The HC rejected the plea of the Karnataka police that the KCOCA law is applicable to all persons accused in an organised crime if any one person arrested in the case has more than one charge sheet for violent crimes against them in the preceding 10 years.
The Karnataka HC order was overturned by a three judge Bench of the Supreme Court in a landmark order on October 21, 2021, where it ruled that the Karnataka HC had erred in quashing the KCOCA charges against Nayak on the grounds that he had no prior crimes against him of a serious nature.
The SC said that “if the role of the offender is merely that of a facilitator or of an abettor as referred to in Section 3(2), 3(3), 3(4) or 3(5), the requirement of named person being involved in more than two chargesheets registered against him in the past is not relevant.”

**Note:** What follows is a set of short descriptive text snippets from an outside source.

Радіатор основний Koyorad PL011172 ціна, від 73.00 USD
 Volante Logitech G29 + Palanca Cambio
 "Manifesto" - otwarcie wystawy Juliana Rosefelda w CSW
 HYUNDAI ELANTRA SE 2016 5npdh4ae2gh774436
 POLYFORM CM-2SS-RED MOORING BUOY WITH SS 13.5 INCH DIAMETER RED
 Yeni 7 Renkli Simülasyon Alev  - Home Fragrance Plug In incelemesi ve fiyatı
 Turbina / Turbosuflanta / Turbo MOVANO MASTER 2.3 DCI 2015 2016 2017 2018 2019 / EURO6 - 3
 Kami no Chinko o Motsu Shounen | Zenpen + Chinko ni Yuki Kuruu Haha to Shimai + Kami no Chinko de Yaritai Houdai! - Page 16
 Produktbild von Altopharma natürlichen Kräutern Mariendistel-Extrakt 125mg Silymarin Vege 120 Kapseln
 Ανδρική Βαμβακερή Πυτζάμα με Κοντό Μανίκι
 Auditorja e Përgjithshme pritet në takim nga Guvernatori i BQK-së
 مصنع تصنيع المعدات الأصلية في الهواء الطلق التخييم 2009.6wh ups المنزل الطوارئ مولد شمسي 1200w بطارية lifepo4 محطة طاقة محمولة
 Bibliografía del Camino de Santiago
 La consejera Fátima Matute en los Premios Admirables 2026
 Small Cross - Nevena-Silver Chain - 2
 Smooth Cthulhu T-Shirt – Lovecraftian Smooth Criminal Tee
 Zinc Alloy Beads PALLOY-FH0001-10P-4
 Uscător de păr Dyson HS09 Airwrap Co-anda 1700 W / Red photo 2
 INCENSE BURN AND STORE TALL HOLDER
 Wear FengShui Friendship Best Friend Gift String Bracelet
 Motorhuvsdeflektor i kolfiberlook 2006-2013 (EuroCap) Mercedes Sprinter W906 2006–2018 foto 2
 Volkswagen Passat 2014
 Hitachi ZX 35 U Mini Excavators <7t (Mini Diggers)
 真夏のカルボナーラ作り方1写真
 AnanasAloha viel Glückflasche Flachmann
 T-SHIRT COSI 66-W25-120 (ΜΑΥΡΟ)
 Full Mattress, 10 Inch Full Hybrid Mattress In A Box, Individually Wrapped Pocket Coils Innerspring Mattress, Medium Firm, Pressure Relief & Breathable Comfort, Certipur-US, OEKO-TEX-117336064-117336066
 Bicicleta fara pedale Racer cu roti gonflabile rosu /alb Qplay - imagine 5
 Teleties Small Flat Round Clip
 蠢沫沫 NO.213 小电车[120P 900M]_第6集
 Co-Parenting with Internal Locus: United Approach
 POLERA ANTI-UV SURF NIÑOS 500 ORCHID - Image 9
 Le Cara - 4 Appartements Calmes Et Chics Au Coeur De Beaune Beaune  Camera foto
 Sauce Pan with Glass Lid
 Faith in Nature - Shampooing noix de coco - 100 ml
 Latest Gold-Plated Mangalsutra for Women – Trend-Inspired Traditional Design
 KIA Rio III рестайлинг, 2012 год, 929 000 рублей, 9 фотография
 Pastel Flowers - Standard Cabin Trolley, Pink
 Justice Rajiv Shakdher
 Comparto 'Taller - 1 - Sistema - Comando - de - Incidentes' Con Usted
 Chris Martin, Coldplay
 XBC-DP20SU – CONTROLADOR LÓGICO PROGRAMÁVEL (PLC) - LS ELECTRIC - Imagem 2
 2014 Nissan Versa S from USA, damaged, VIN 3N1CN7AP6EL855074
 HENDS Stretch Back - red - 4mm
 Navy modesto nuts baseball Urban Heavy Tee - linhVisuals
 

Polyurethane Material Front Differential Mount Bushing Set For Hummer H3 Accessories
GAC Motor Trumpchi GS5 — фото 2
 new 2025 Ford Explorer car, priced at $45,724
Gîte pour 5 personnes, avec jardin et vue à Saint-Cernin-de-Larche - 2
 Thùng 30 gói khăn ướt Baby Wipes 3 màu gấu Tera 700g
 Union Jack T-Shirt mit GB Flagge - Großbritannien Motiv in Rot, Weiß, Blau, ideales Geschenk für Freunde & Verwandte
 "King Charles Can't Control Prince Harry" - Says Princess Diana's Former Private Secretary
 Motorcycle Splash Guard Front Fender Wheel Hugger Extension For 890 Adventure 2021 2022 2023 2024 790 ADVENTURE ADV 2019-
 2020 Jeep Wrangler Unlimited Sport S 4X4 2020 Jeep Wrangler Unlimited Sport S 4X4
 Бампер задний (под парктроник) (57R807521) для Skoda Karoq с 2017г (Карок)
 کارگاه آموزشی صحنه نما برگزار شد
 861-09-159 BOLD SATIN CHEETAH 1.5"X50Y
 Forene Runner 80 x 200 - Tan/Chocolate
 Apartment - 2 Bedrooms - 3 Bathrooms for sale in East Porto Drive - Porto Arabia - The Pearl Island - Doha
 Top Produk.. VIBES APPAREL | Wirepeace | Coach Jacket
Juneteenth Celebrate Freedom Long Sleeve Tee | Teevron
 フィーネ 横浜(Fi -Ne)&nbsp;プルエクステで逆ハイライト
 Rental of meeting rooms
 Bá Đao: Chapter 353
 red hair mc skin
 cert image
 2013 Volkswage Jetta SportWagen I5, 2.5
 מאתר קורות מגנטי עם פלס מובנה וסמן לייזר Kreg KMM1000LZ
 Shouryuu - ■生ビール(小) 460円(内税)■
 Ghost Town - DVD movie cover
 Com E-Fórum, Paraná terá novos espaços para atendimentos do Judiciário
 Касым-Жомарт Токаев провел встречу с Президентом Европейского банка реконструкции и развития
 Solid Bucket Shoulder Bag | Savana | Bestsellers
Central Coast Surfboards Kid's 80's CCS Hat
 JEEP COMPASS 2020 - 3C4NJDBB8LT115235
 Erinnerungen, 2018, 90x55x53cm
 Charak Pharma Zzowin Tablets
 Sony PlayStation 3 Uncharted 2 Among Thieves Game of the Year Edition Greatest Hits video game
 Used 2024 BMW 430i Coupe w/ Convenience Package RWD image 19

The SC also said KCOCA charges are with respect to a crime and not individuals accused in a crime, despite the mandatory requirement of evidence of “continuing criminal activity” in the form prior chargesheets for serious crimes against the key accused for invoking KCOCA.
“The competent authority has to focus essentially on the factum whether the information/material reveals the commission of a crime which is an organized crime committed by the organized crime syndicate. In that, the prior approval is ‘qua offence’ and not the offender as such,” the SC ruled in the Lankesh case on an appeal by her sister.
“Be it noted that requirement of more than two chargesheets is in reference to the continuing unlawful activities of the organised crime syndicate and not qua individual member thereof,” the SC said in its 2021 order.